Two lines which emanate from the same point produce an angle. The lines are called the sides of the angle, and the common point is called the vertex of the angle.
SURFACE or PLANE
If one were to move a line at right angles to its own direction the result is a surface, or plane surface. It is often referred to simply as a plane. Tabletops, walls, a pane of glass, or a floor are all examples of what a plane is, with one important distinction—a plane has no edges. A plane extends indefinitely in all directions. It has length and width, yet no thickness. Planes are two dimensional.

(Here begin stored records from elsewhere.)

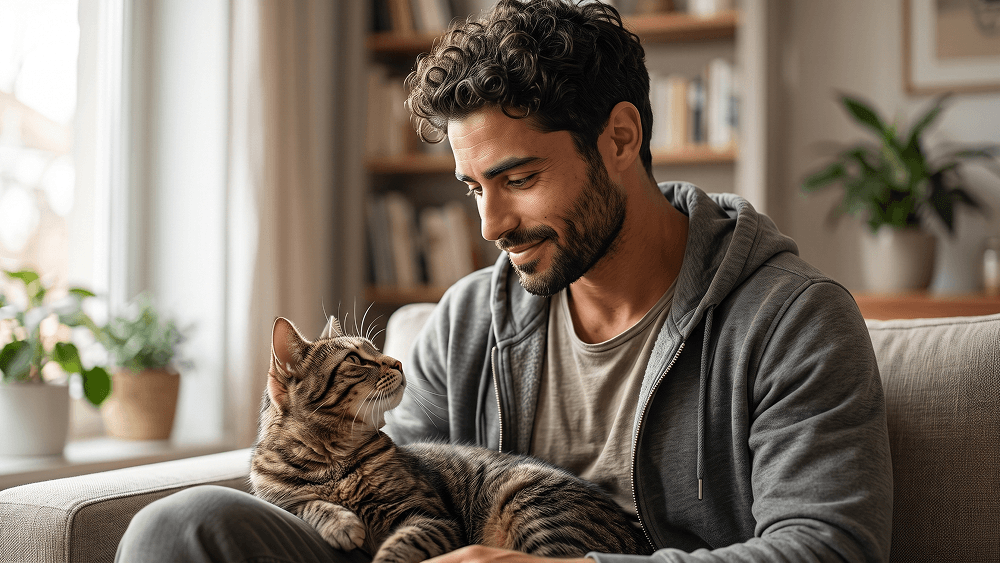 Prompt für ein natürliches und realistisches Porträt mit einer Katze - Gemini Prompt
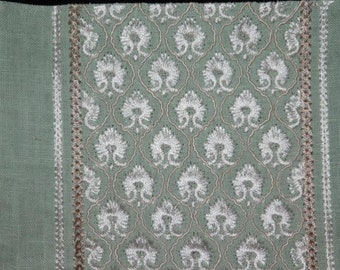 COLEFAX & FOWLER Andorra Embroidered Ornate Stripe Fabric 10 Yards Celadon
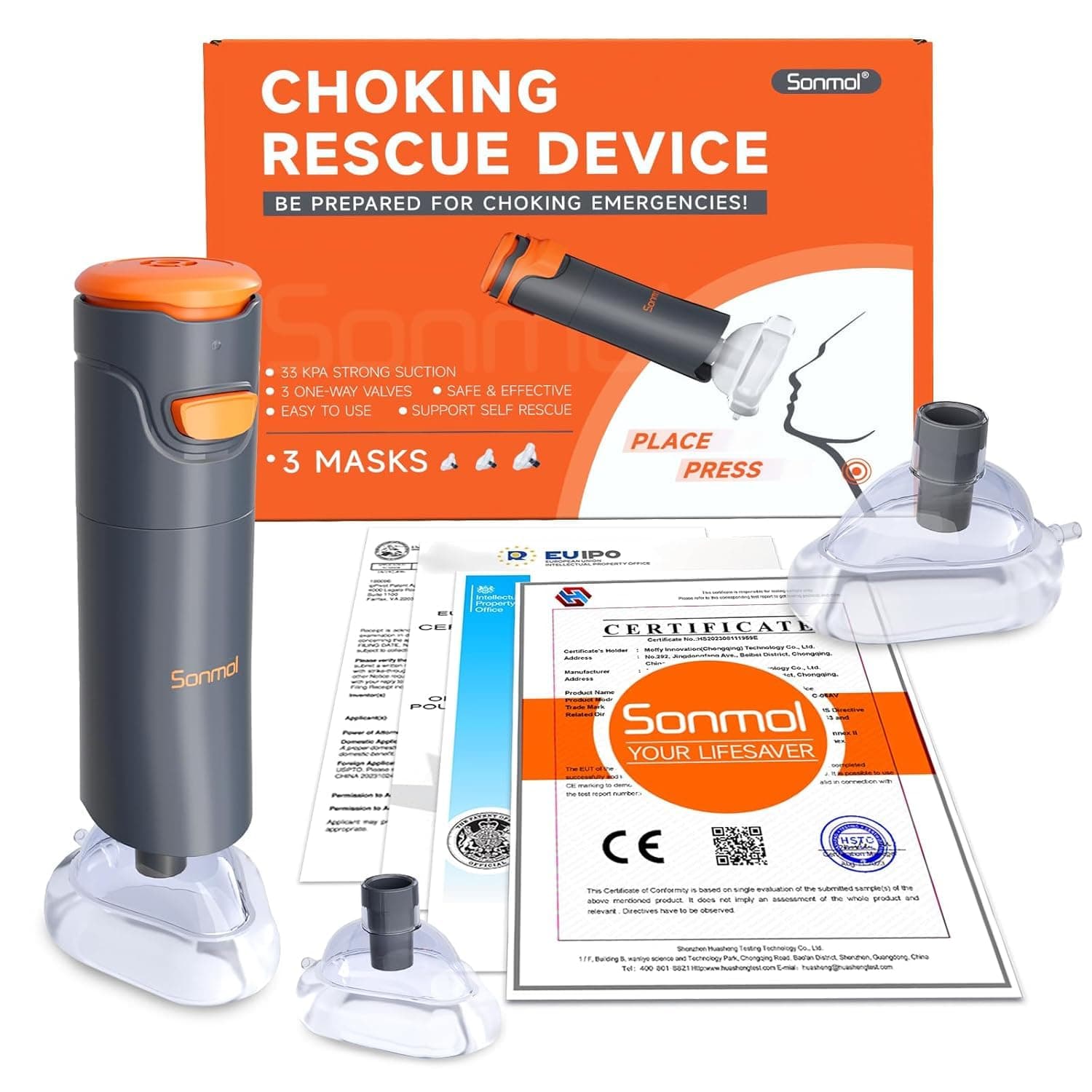Sonmol Portable Anti Choking Device for Kids with 33 kPa Suction | One-button operation, 3 masks for all ages, dual one-way valves, Lightweight – for assisted/self-rescue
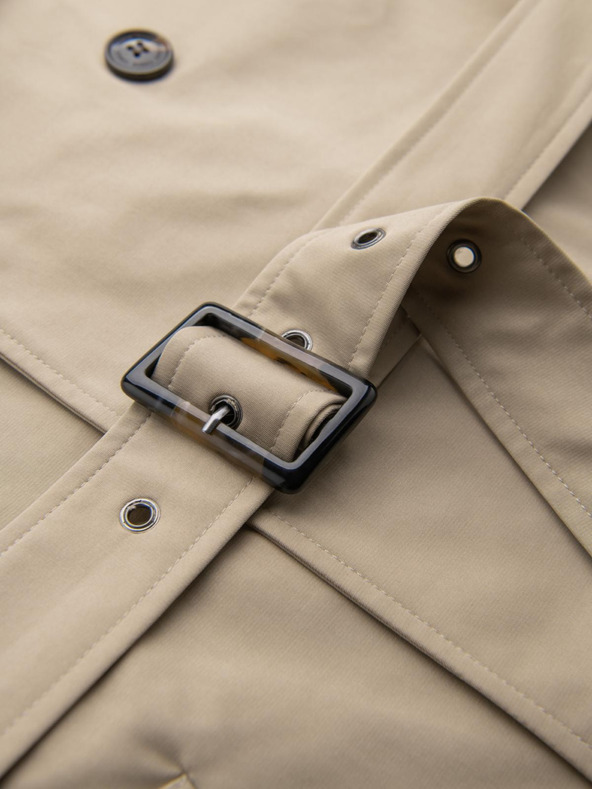 Ombre Clothing Palton elegant SLIM FIT pentru bărbați cu curea bej Îmbrăcăminte Ombre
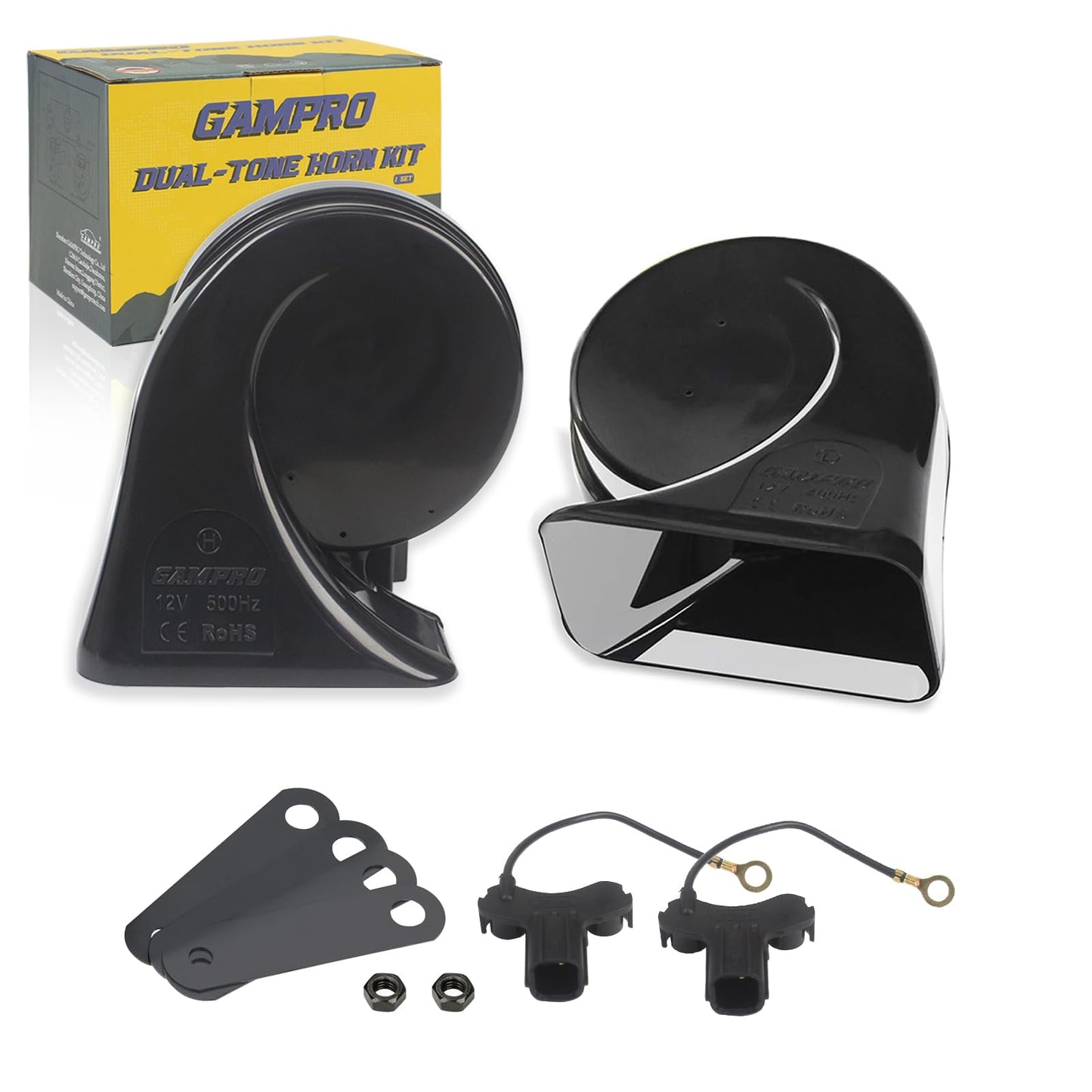 GAMPRO - Bocina eléctrica de doble tono de 12 V con enchufe utilizable para Honda cubierta impermeable kit de cuerno de caracol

Euclid was a Greek mathematician, who lived circa 300 BC, whose chief work, Elements, is a comprehensive treatise on mathematics in 13 volumes on such subjects as plane geometry, proportion in general, the properties of numbers, incommensurable magnitudes, and solid geometry. He probably was educated at Athens by pupils of Plato. He taught geometry in Alexandria and founded a school of mathematics there. The Data, a collection of geometrical theorems; the Phenomena, a description of the heavens; the Optics; the Division of the Scale, a mathematical discussion of music; and several other books have long been attributed to Euclid; most historians believe, however, that some or all of these works (other than the Elements) have been spuriously credited to him. Historians disagree as to the originality of some of his other contributions. Probably the geometrical sections of the Elements were primarily a rearrangement of the works of previous mathematicians such as those of Eudoxus, but Euclid himself is thought to have made several original discoveries in the theory of numbers. Euclid's Elements was used as a text for 2000 years, and even today a modified version of its first few books forms the basis of high school instruction in plane geometry. The first printed edition of Euclid's works was a translation from Arabic to Latin, which appeared at Venice in 1482.
Thales was a Greek philosopher, born in Miletus, Asia Minor. He was the founder of Greek philosophy, and was considered one of the Seven Wise Men of Greece. Thales became famed for his knowledge of astronomy after predicting the eclipse of the sun that occurred on May 28, 585 BC. He is also said to have introduced geometry in Greece. According to Thales, the original principle of all things is water, from which everything proceeds and into which everything is again resolved. Before Thales, explanations of the universe were mythological, and his concentration on the basic physical substance of the world marks the birth of scientific thought. Thales left no writings; knowledge of him is derived from an account in Aristotle's Metaphysics.